This is Mo’ money at napkin finance, right now we’re gonna talk about a company’s balance sheet.
And the balance sheet is exactly what it sounds, just like peanut butter is peanuts with butter in Snapchat, balance sheet. So balance sheet is not intimidating, it is a snapshot, it is a picture of a company at a given point in time.
So let’s say it’s January first and I am the under armor company, I’ve got on my left hand side of my balance sheet which is actually, take a piece of paper and you can just put in the middle, put a little perforation through it and on the left-hand side, we’ve got the assets, on the right-hand side we’ve got the liabilities and the equity. On the asset side, we’ve got cash from all the apparel we’ve sold, we’ve got inventory for all the products, cleats, balls anything an under armor makes that they’ve already produced that’s waiting to be sold is on that asset side because it’s an asset, it is something that they are available, that are available for sale. We’ve got all the offices that we own of Under Armor on the asset side and on the liability side we’ve got the money that we borrowed in order to build those assets up and we’ve got the equity of the money that’s been put in by the company in order to fund the business going forward.
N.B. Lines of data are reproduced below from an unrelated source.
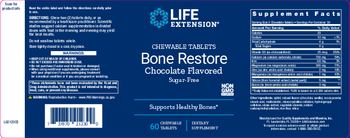 Life Extension Chewable Tablets Bone Restore Chocolate Flavored - supplement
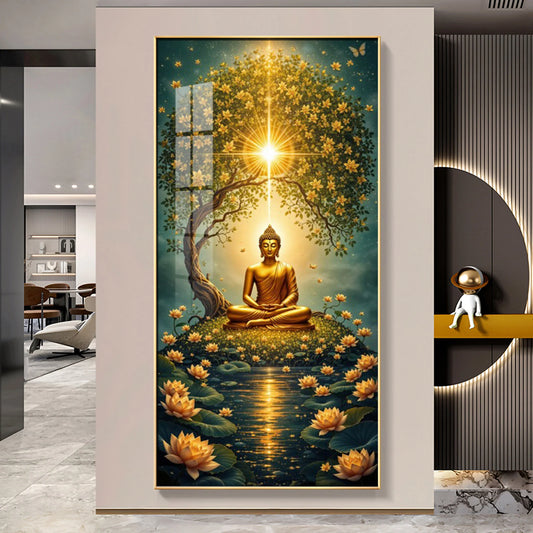 Buddha Harmony Haven Premium Acrylic Vertical Wall Art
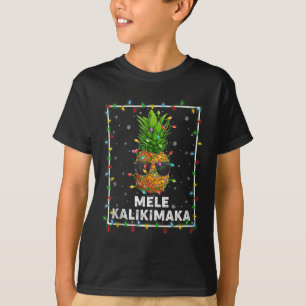 Mele Kalikimaka Ne Xmas Lights Hawaiian Christmas T-Shirt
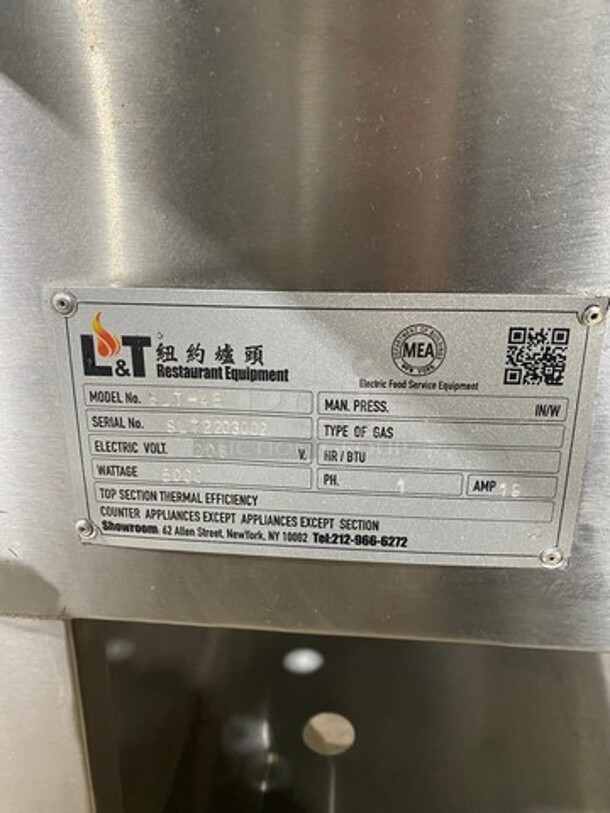L & T Commercial Electric Powered Steam Table! With Storage Space Underneath! All Stainless Steel! On Legs! Model: SLT4E SN: SLT2203002 208V 1 Phase - Image 6 of 10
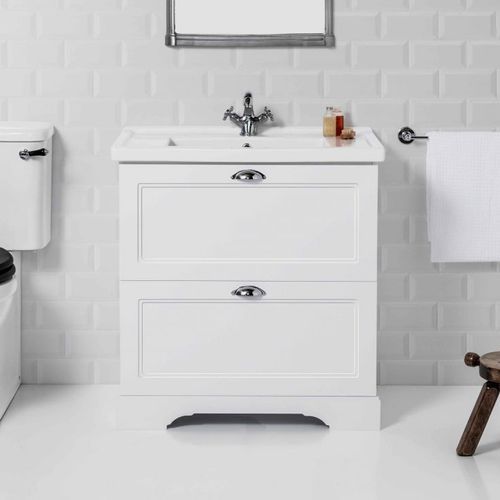 English Classic 800 Floor Standing Vanity 2 Drawer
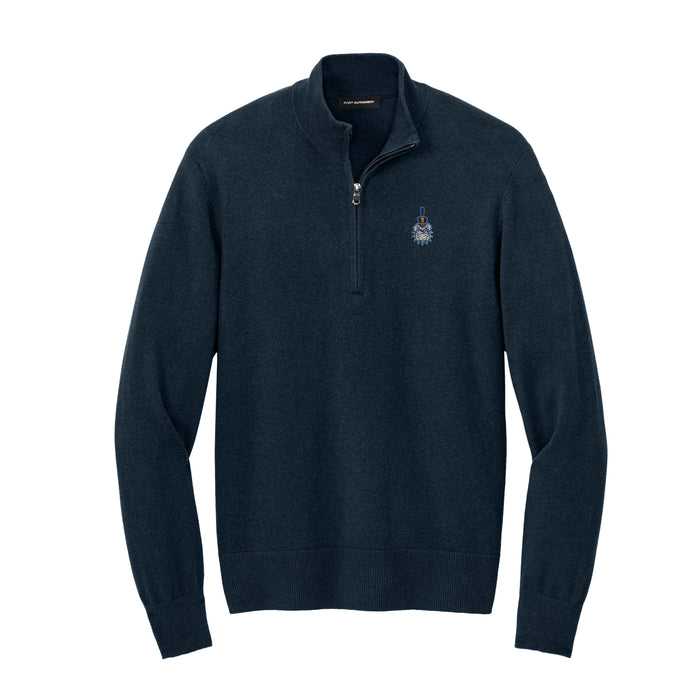 The Citadel, Spike, Port Authority® Easy Care 1/4-Zip Sweater- Navy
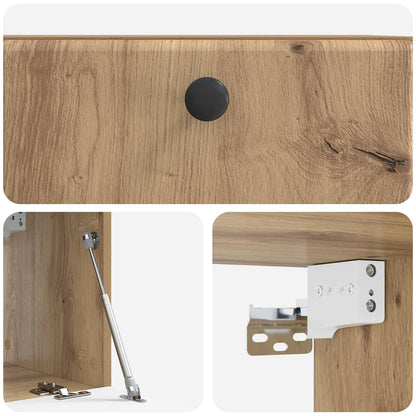 Wall-Mounted TV Cabinet 59.5 x 31 x 30 cm Artisan Oak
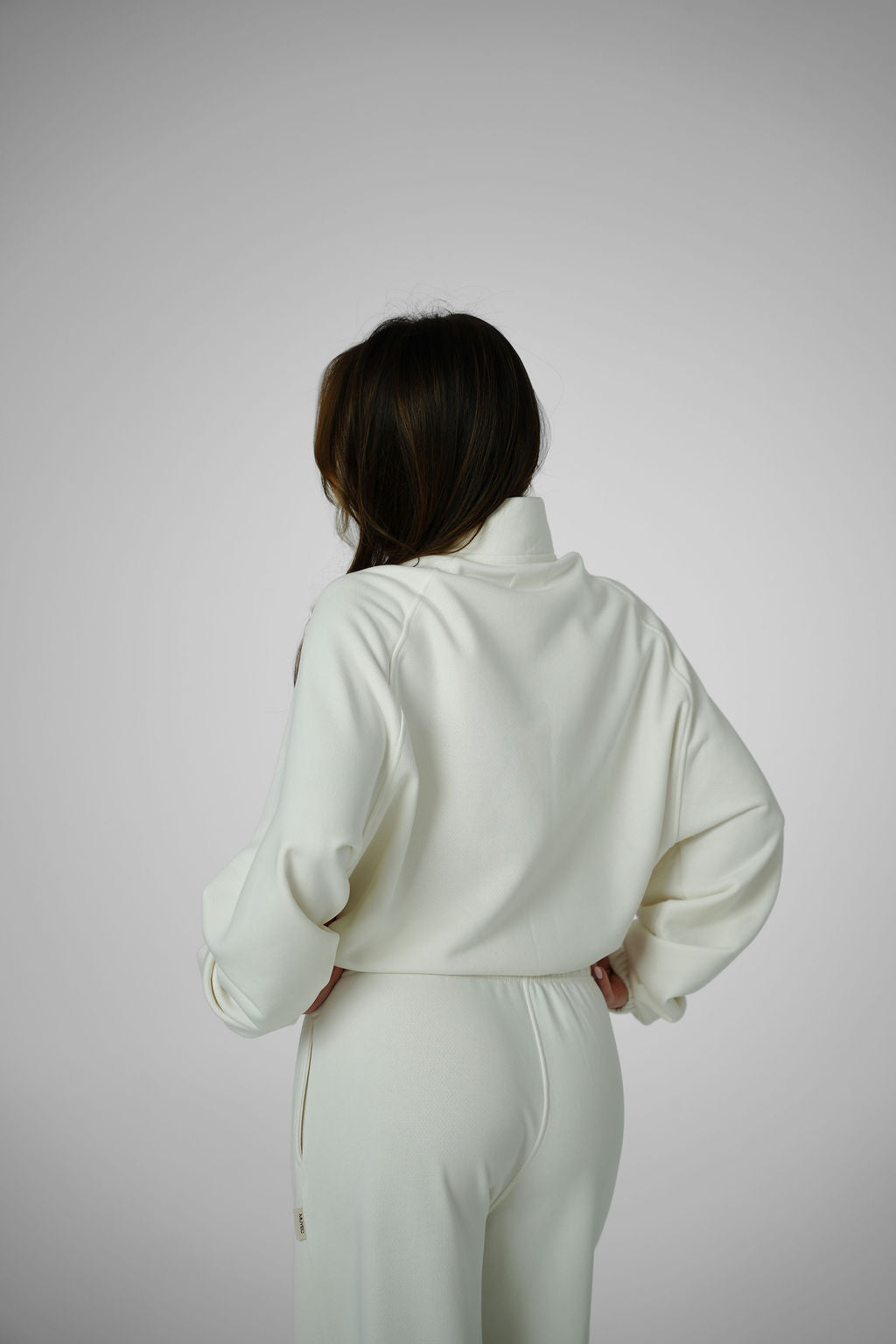 2IN1 COLLAR ZIP - CREAM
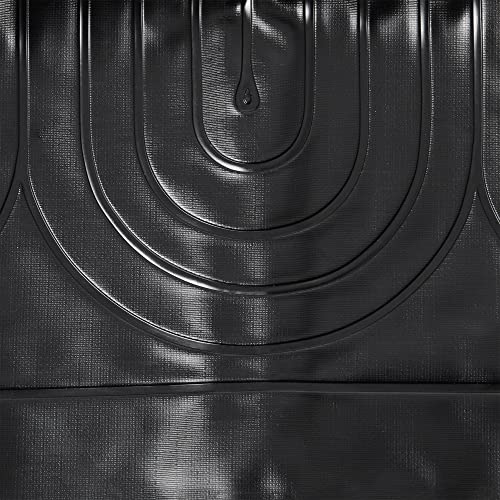 Intex 28685E 47 Inch x 47 Inch Solar Pool Water Heater Mat for 8,000 Gallon Above Ground Swimming Pool with Hose Attachment and Adaptors, Black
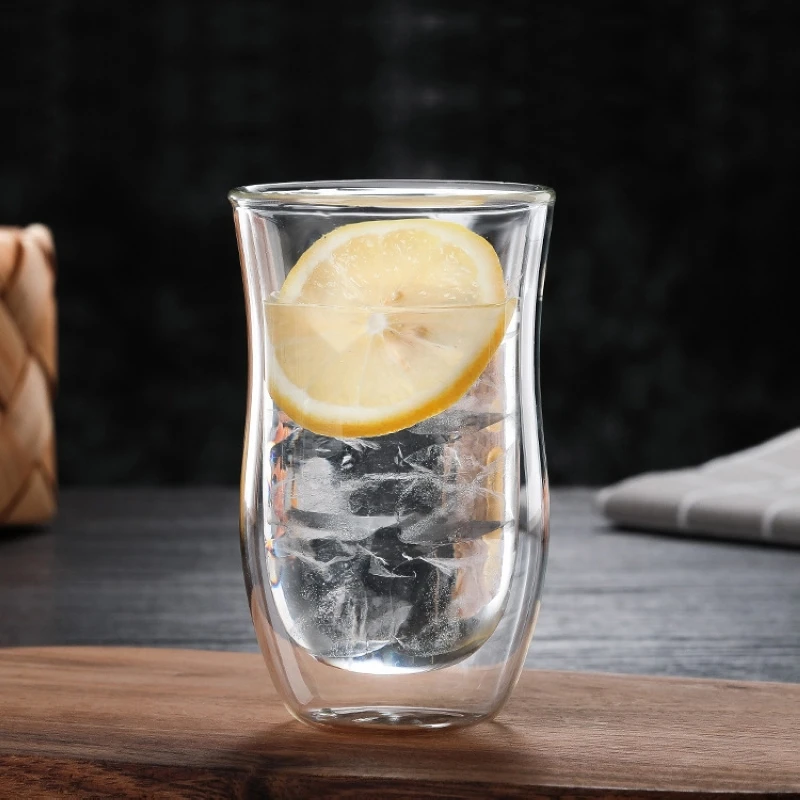 200/250 ml Creative Drinking Glasses Double Bottom Mug Coffee Glass Cup Elegant Juice Milk Tea Shot with Dragon Egg Shape | Дом и сад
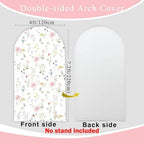 Little Wildflower on the Way Arch Backdrop Cover 7.2ft Baby Shower Party - Image 4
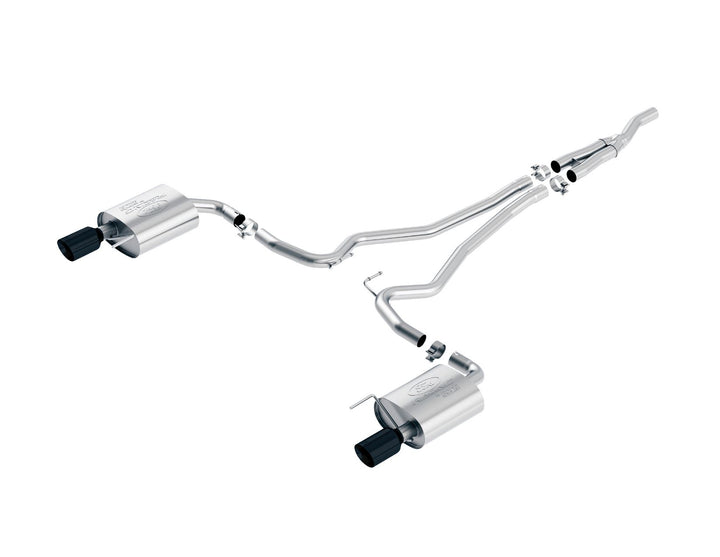 MUSTANG SPORTS EXHAUST SYSTEM WITH FITTING  03/2015  12/2017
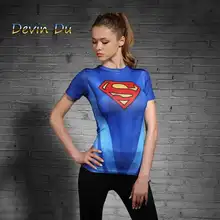 Camiseta mujer manga corta diseño Superman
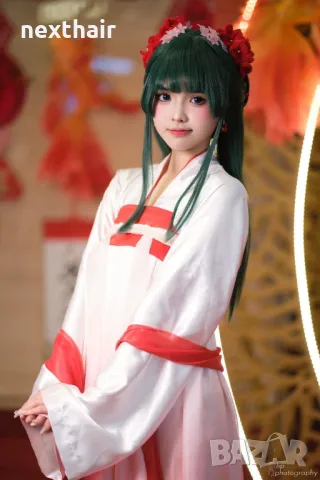 Аниме тъмно зелена перука Kusuriya no Hitorigoto - Maomao The Apothecary Diaries, снимка 9 - Аксесоари за коса - 50331641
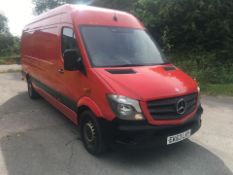 2013 MERCEDES-BENZ SPRINTER 310 CDI RED PANEL VAN, 2143cc DIESEL ENGINE, BLUE EFFICIENCY *NO VAT*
What Does a Balance Sheet Look Like?
So when someone’s like what’s the company’s balance sheet look like, you could say oh well we got a lot of debt on the balance sheet, oh we’ve got a lot of equity in the balance sheet, we’ve got a lot of assets on the balance sheet, but at the end of the day everything balances out and everything is a very simple journal entry in accounting. And all you need to do is make sure you understand how you can manipulate the balance sheet on any given day and that will be a separate topic that mo’ money will talk about. When we talk about cooking the books, we’re really going to be talking about cooking the balance sheet.